Bien que les oppositions fassent de son « absence » un argument de campagne, il a fait le 2 mars un discours télévisé uniquement consacré à l'Ukraine et il a annulé un meeting qui devait avoir lieu le 5 mars. La question se pose : est-il possible qu'il se contente d'être candidat en remplaçant sa campagne par son activité diplomatique ? Il n'y a rien, en droit, qui l'en empêche. Mais il doit compter avec une irritation, un agacement, une colère de plus en plus intenses chez ses dix adversaires qui veulent en découdre et le somment de participer à des débats télévisés.
L'idée que, à la télévision, il puisse être opposé à dix rivaux qui n'ont en commun que le ressentiment qu'il leur inspire, a tout de même quelque chose d'injuste. Il ne devrait pas vouloir s'exposer de la sorte et tentera d'obtenir un débat au second tour avec celui ou celle qui aura franchi le cap du premier. On se doute bien que les autres candidats ne l'entendront pas de cette oreille, leur seul espoir étant de gagner en popularité à la faveur d'un duel avec le président sortant.
Dans le domaine de la communication des candidats, la Constitution ne prévoit rien de coercitif. Il serait surprenant que le président de la République qui, s'il avait été aussi sage que ses conseillers, n'aurait pas fait à ce jour la moitié de ce qu'il a accompli, accepte les conditions que l'opposition veut lui imposer. En revanche, il ne saurait disparaître de la scène nationale, s'il veut toujours obtenir un second quinquennat. À supposer qu'il n'ait pas envie de dresser un bilan de sa présidence, il lui suffirait de donner aux Français des informations sur son action concernant l'Ukraine.
Droite et gauche laminées
Droite et gauche ne s'en contenteront pas, qui exigent, au nom d'on ne sait quel règlement, un vaste débat sur ce qu'il a pu faire de bien et de moins bien. Il sera toujours temps de mettre fin à ces enfantillages. La vérité, telle qu'elle est inscrite dans des enquêtes d'opinion qui montrent une avance de M. Macron sans doute impossible à rattraper, est que 2022 a sonné le glas à la fois de la droite et de la gauche. Valérie Pécresse, en effet, n'est plus en mesure de défier le président sortant. Elle est au cinquième rang des candidats et il est probable que seule Marine Le Pen arrivera au second tour. Si la droite classique est défaite, il lui faudra des années pour retrouver un peu de santé et surtout préparer la présidentielle de 2027, qui ne sera pas non plus pour elle une partie de plaisir, dès lors que l'ancien Premier ministre, Édouard Philippe, entend bien prendre le relais des mains de Macron.

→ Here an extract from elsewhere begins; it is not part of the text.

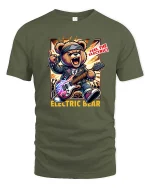 Electric Bear T-Shirt Rock Guitar Animal Graphic Tee - military green t-shirt on white background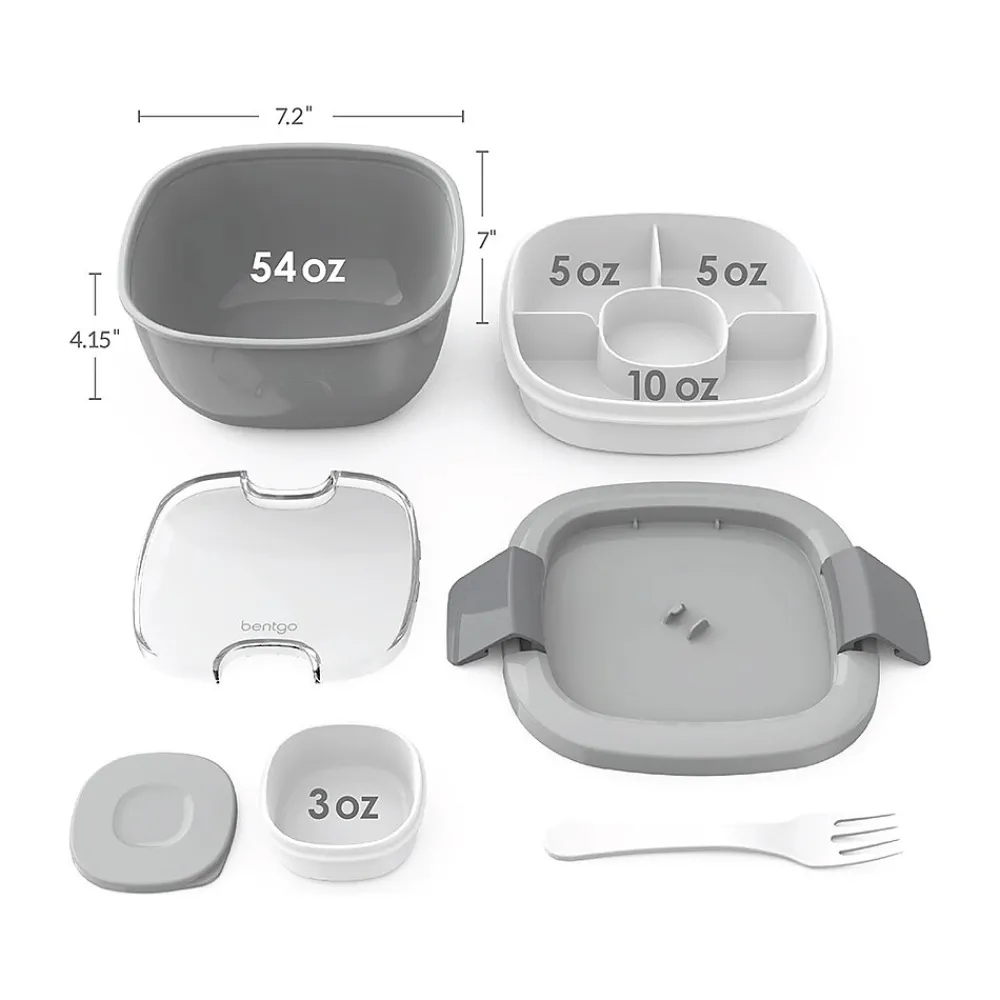 Lunch Totes & Water Bottles|bentgo Salad Container, Gray, 54 oz. (BGOSAL-Y)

La gauche, elle, est dévastée. Pour l'honneur, Anne Hidalgo, a tenu à rester jusqu'au bout, ce qui lui vaudra un score désastreux. Christiane Taubira, qui croyait que, à la faveur de la panique à gauche, elle allait rassembler toutes les forces de gauche, constate qu'elle va faire moins de 2 %. Seul Jean-Luc Mélenchon dépassera les 10 %, mais sans pouvoir se qualifier pour le second tour. Le terrible constat national sera que le score des extrêmes, de droite ou de gauche, marquera la scrutin présidentiel et qu'une seule force, celles des centristes associés à la République en marche et à Macron, empêchera une dérive extrémiste qui nous coûterait très cher.
La guerre faite à l'Ukraine est un énorme gémissement de l'Histoire. C'est un événement qui fait pâlir nos questions nationales. Mais c'est aussi une occasion de démontrer ce qui arrive à l'Europe quand elle est désunie, quand elle a peur de son ombre, quand elle assiste sans réagir à la confiscation pure et simple d'un pays libre. Tout en réaffirmant notre solidarité avec le peuple urkrainien, nous n'avons pas d'autre choix que de nous armer contre une puissance soudain devenue maléfique et qui ne nous fera pas de quartier si nous manquons de fermeté.